AMLO has a plan against inflation, what can go wrong?

“There is no measure that can withstand galloping pressure from abroad. So it is a good measure to anchor expectations (of inflation). The price of gasoline has worked at the cost of eroding the budget a little, but if the pressures continue from outside, the businessmen they are going to have to break ranks and start raising prices,” said Luis Gonzali, Vice President and Director of Investments at Franklin Templeton Mexico.

The plan that the federal government presented this Wednesday contemplates working on 4 measures: production, distribution, foreign trade and other measures to maintain food prices.

Inflation coming from abroad

The inflation faced by the world’s economies, including Mexico, is mainly caused by the war between Russia and Ukraine, two countries that supply other nations with grains such as wheat and fertilizers.

Faced with this conflict, countries have had to look for food supply alternatives, commented Janneth Quiroz, deputy director of Economic Analysis at Monex. “Faced with the shock in supply due to the paralysis of production and due to these sanctions that have been implemented against Russia, there is no regular international trade,” she said.

The plan to increase food production in the country, although good, will take more than six months to take effect, which is the first term that the government has set as a goal. And it is that the process of cultivating, harvesting and distributing is not easy. For the economists consulted, this package against inflation will be for the medium term and the benefits could be reflected for up to six months.

“There is talk of an agreement that will last six months initially and is relatively short compared to the time it takes to prepare an area to plant, harvest, all these are processes that take more than six months. Even if the measures worked perfectly, they are not going to have an effect on prices in the short term, the measures that increase production are not going to have an effect for three or six months,” explained Felipe Hernández, economist for Latin America at Bloomberg Economics.

Although the government has also promised to deliver fertilizers to improve crops in nine states, the positive effects will not be seen for several months.

The effects that can be seen in the short term are the incentives to the IEPS for fuels, which have already been applied for several months.

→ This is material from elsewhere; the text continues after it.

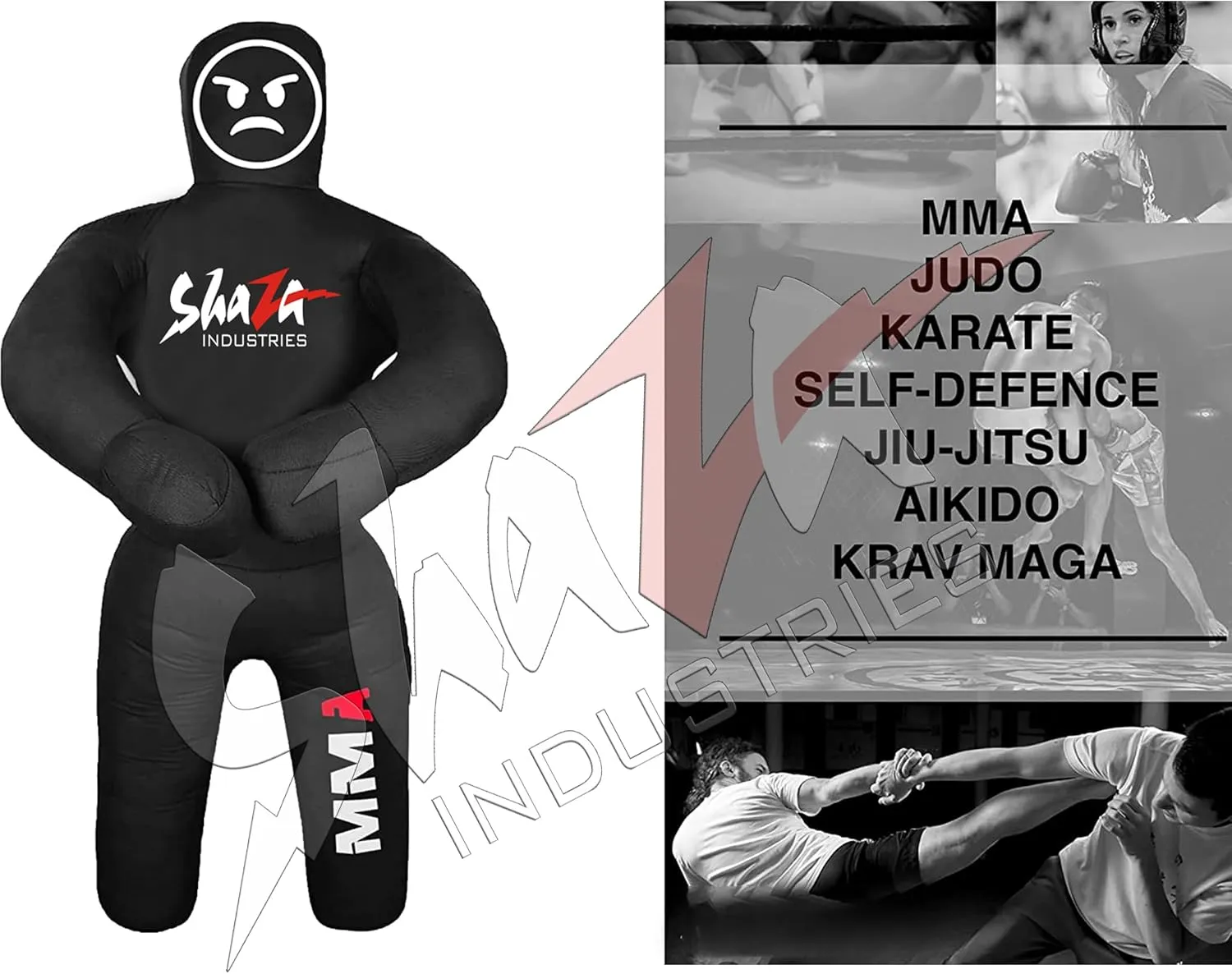Throwing Grappling Dummy hardly second nodule annihilate everything Bag Unfilled Kids MMA 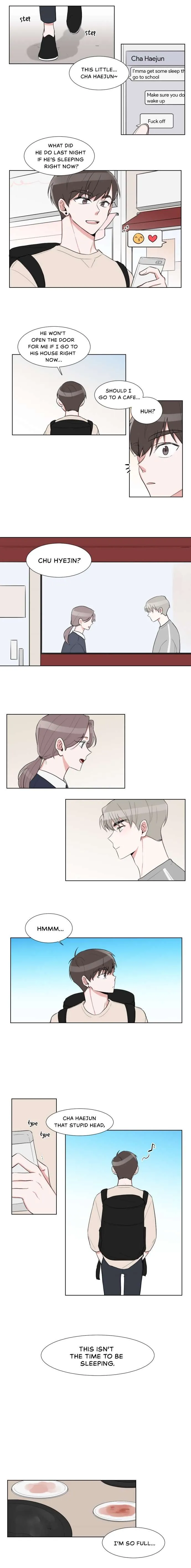 Read Gatabutata chapter 23 image 10 on Lezhin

In order for inflation not to hit the pockets of Mexicans, the government has given incentives to gasoline and diesel, which means that they no longer receive IEPS money.

“On the gasoline side, it is helping, it is taking away our budget, that is, we are stopping collecting IEPS and the government’s fiscal position is deteriorating, but it is helping to control inflation,” Gonzali said.

If the federal government’s plan does not work, either because the conflict between Russia and Ukraine worsens or because the COVID-19 pandemic takes a new course of more infections, especially in China, prices will continue to rise and the Bank of Mexico will have to continue with his cycle of rate hikes, an issue the president has said he doesn’t want because it slows economic growth.